Mzb1, a B-cell-specific and endoplasmic reticulum (ER)-localized protein, is one of the key factors affecting immune protein synthesis. As a target of Mzb1, microRNA-185 causes developmental arrest of T cells [20]. Mzb1 also affects the maturation of immune cells [21]. In previous reports, researchers focused on the function of Mzb1 in endoplasmic reticulum stress and immune inflammation. ER stress has been linked to both physiological and pathological states in the cardiovascular system, including MI [22]. Thus, we raised the question of whether Mzb1 participates in ER stress during AMI. By detecting the ER stress chaperones GRP94 and GRP78, we found that they could interact with Mzb1 (results not shown) and that Mzb1 could limit the expression of GRP94 and GRP78. This prompted us to propose that Mzb1 is involved in ER stress in MI and affects the classical signal pathway of ER stress.

Recent studies have revealed the remarkable complexity of mitochondrial protein organization [23, 24]. Protein machinery with diverse functions, such as protein translocation, respiration, metabolite transport [25], protein quality control [26], and the control of membrane architecture interact in dynamic networks [27]. Mzb1 affects some immune protein synthesis, which raised the question of whether there is a necessary relationship between Mzb1 and mitochondria. Mitochondria and ER are interconnected organelles, and contact points where the ER communicates with mitochondria are referred to as mitochondria-associated ER membranes (MAMs) [28, 29]. Using a mitochondrial protein extraction kit, we found that Mzb1 may also localize to mitochondria. While our study is limited by some factors, we would like to determine whether Mzb1 is present on MAMs. Another limitation of our study is that to create transgenic mice with Mzb1 knockdown, we hybridized heterozygous Mzb−/+ mice to generate homozygous Mzb−/− mice, among which the natality was very low, and most neonatal mice were male. We concluded that Mzb1 may affect embryonic development, especially processes controlled by the X chromosome. We may solve this problem by creating conditional knockout mice.

Damage caused by free radical-induced oxidation in humans is thought to play a significant role in ischemic disease and contribute to the development of disease [30]. During myocardial infarction, many oxygen free radicals are produced in cardiomyocytes, which cause injury to mitochondrial function. Based on the mitochondrial localization of Mzb1, we determined the effects of Mzb1 on mitochondrial function [31]. Our study showed that Mzb1 increased mitochondrial ATP production and oxygen consumption in H2O2-induced cardiomyocytes. Mzb1 also significantly reduced the synthesis of mitochondrial ROS. Most studies have shown that PGC1α is an important regulator of energetic metabolism for cardiac growth under various physiological and pathological stimuli [32]. Tangeretin enhanced mitochondrial biogenesis by activating the AMPK-PGC1α pathway, resulting in improved exercise performance [33]. We found that Mzb1 may modulate mitochondrial function by regulating the AMPK-PGC1α pathway.

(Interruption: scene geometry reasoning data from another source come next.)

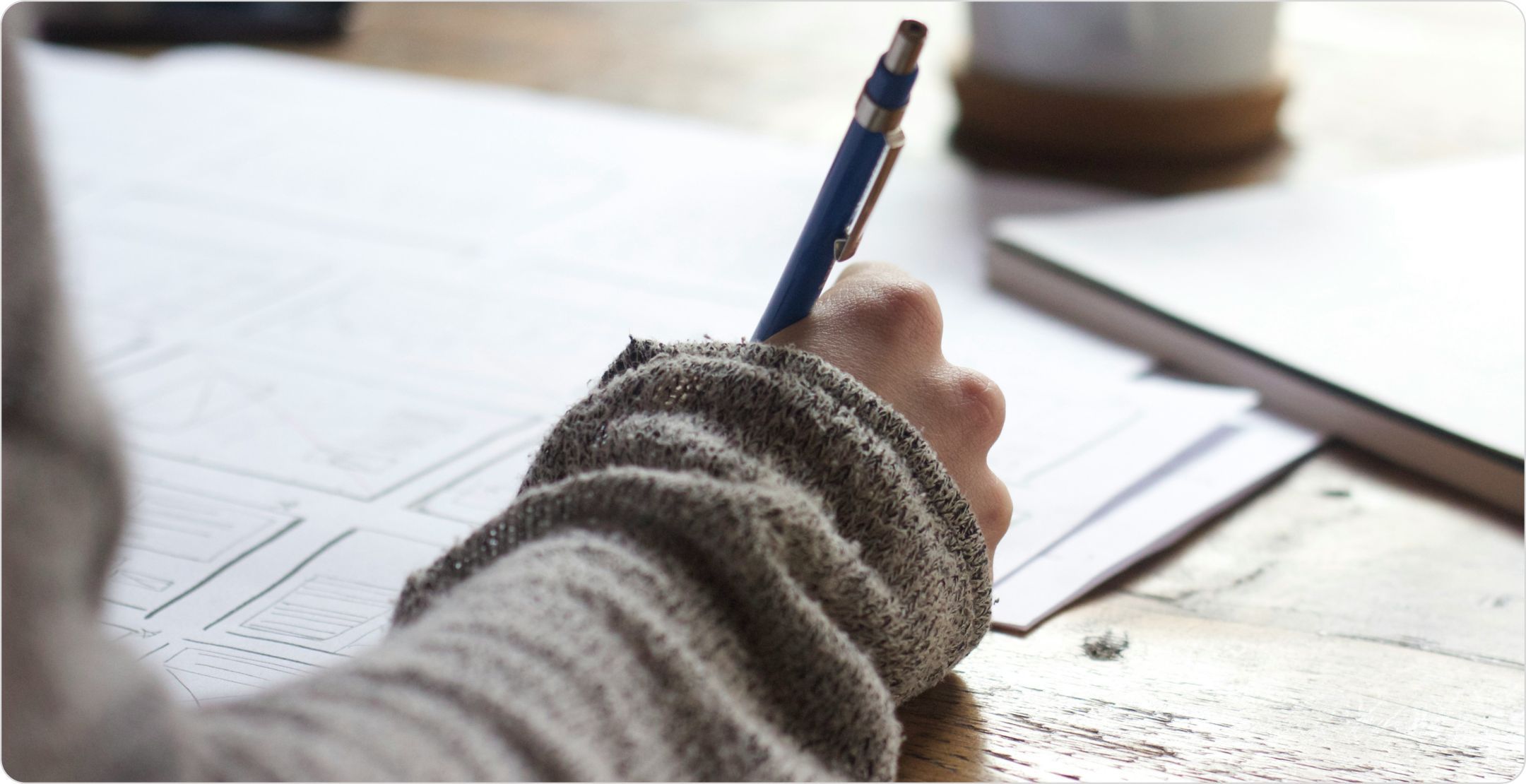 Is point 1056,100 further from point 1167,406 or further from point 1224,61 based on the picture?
point 1167,406

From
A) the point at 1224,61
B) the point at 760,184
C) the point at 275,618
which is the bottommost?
the point at 275,618

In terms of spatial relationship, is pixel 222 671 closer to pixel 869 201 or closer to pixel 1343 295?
pixel 869 201

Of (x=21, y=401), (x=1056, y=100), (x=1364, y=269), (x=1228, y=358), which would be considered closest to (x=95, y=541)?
(x=21, y=401)

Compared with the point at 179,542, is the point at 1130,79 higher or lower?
higher

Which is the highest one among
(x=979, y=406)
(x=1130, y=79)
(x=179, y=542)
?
(x=1130, y=79)

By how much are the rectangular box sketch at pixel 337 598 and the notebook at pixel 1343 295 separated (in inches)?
13.7

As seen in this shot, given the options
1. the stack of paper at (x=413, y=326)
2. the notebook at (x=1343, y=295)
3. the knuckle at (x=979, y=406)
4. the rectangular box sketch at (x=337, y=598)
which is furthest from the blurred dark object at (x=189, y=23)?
the knuckle at (x=979, y=406)

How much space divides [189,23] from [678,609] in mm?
1125

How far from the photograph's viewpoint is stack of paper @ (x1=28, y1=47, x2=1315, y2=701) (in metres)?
0.41

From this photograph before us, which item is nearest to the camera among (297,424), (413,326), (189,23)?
(297,424)

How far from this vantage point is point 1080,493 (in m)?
0.45

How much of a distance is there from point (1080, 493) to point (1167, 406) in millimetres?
88

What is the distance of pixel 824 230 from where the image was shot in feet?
1.17

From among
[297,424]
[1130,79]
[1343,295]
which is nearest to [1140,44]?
[1130,79] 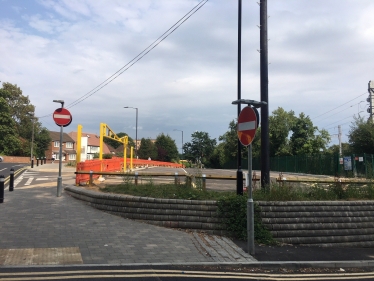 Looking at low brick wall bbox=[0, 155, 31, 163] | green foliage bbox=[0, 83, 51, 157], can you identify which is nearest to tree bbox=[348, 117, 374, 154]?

In response to external stimuli, the release of endogenous molecules containing damage-associated molecular patterns (DAMPs) triggers an inflammatory response in the heart. The NLRP3 inflammasome activation is increasingly recognized as an important mechanism linking mitochondrial function and integrity to innate immunity. Increased mitochondrial damage associated with increased oxidative stress contributes to cardiac inflammation [17]. Here, we observed a decreased level of NLRP3 in mice with forced Mzb1 expression. Furthermore, our results showed that Mzb1 affected the expression of mononuclear macrophage CCL2, and we then explored the link between Mzb1 and macrophage infiltration. Through our research, we demonstrated that Mzb1 promotes macrophage proliferation and migration. If possible, we will next detect the effect of Mzb1 on macrophage accumulation.

In conclusion, the results of this study suggest that Mzb1 protects cardiomyocytes in myocardial infarction by regulating mitochondrial function and reducing inflammation. This discovery provides new targets and intervention means for the treatment of disordered mitochondrial energetic metabolism in myocardial infarction.